# WHAT THIS TASK INVOLVES:
When you reach the line in the data below that contains "Golden Shimmer Saree With Zari Floral Border", please start repeating lines exactly, and stop after the line that contains "talifoca Besen und", repeating nothing else.

─── DATA EXTRACT

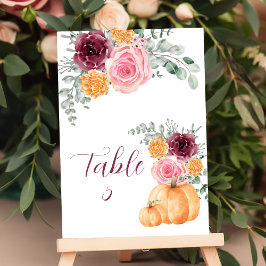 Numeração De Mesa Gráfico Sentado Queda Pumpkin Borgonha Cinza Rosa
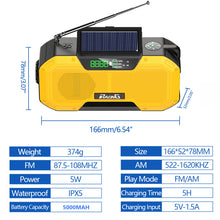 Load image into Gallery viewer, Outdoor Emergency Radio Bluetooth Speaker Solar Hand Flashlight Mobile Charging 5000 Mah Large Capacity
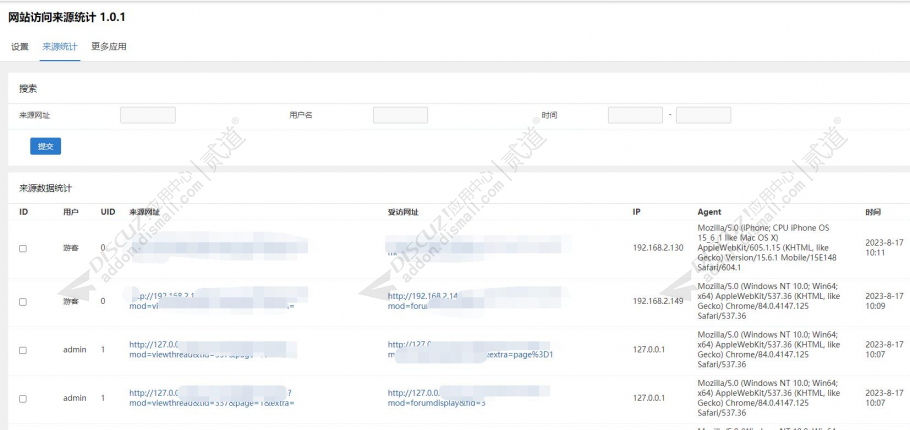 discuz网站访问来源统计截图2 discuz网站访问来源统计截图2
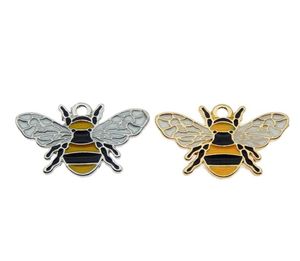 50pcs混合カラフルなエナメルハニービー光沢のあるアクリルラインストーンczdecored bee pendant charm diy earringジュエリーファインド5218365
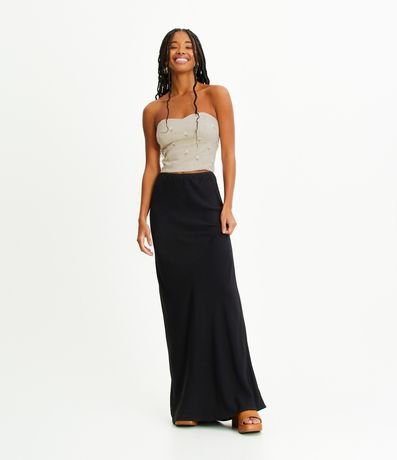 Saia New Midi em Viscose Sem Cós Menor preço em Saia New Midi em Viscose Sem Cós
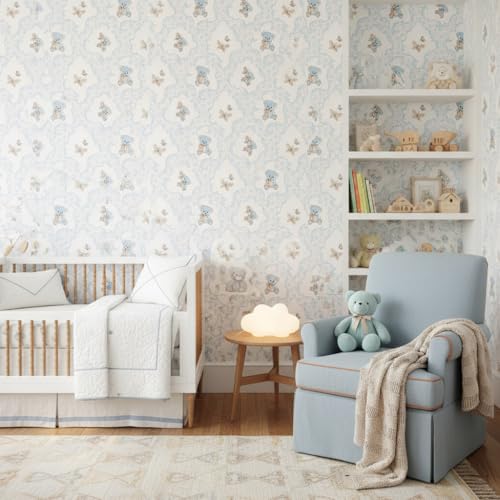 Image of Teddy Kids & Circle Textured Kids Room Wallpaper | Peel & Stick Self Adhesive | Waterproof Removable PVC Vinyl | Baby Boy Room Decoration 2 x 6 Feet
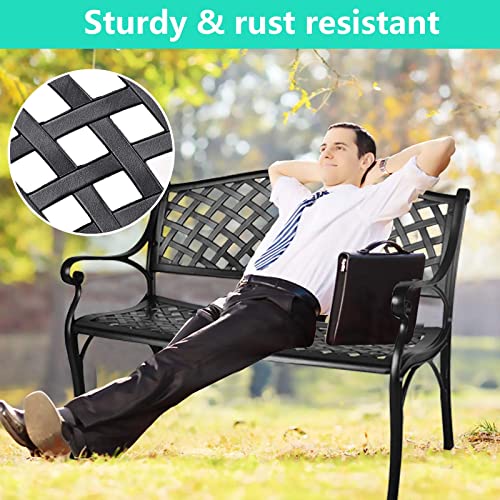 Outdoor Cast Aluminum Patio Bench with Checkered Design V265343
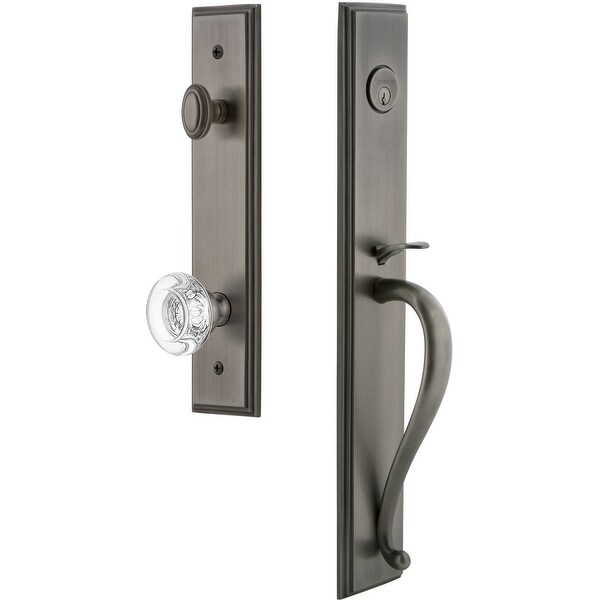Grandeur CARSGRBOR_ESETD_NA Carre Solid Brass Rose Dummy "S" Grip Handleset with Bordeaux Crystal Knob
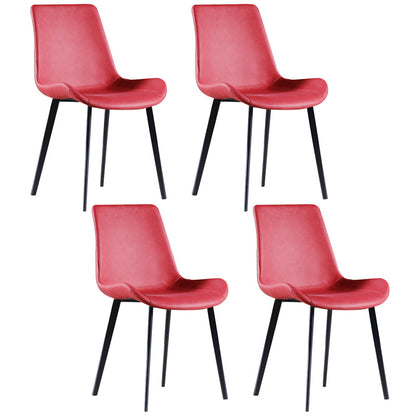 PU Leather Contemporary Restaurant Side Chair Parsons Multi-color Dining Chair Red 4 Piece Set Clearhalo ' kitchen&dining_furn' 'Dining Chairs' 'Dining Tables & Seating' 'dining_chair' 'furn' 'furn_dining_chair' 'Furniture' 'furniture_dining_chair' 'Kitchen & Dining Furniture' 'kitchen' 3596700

──────
─── DATA EXTRACT

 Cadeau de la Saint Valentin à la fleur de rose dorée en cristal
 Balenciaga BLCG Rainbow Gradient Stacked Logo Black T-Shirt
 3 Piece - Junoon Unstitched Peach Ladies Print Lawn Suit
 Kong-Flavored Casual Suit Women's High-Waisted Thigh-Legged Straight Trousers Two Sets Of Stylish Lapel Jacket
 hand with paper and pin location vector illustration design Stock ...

──────
─── DATA EXTRACT

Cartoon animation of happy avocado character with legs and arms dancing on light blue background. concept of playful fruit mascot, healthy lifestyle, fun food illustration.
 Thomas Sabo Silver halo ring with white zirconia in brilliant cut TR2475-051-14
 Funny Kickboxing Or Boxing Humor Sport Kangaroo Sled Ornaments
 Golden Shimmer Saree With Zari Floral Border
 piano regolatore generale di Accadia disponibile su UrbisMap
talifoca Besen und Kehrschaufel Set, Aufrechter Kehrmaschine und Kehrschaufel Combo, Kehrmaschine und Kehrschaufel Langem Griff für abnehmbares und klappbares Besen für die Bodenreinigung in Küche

──────

# OUTPUT BELOW:
 Golden Shimmer Saree With Zari Floral Border
 piano regolatore generale di Accadia disponibile su UrbisMap
talifoca Besen und Kehrschaufel Set, Aufrechter Kehrmaschine und Kehrschaufel Combo, Kehrmaschine und Kehrschaufel Langem Griff für abnehmbares und klappbares Besen für die Bodenreinigung in Küche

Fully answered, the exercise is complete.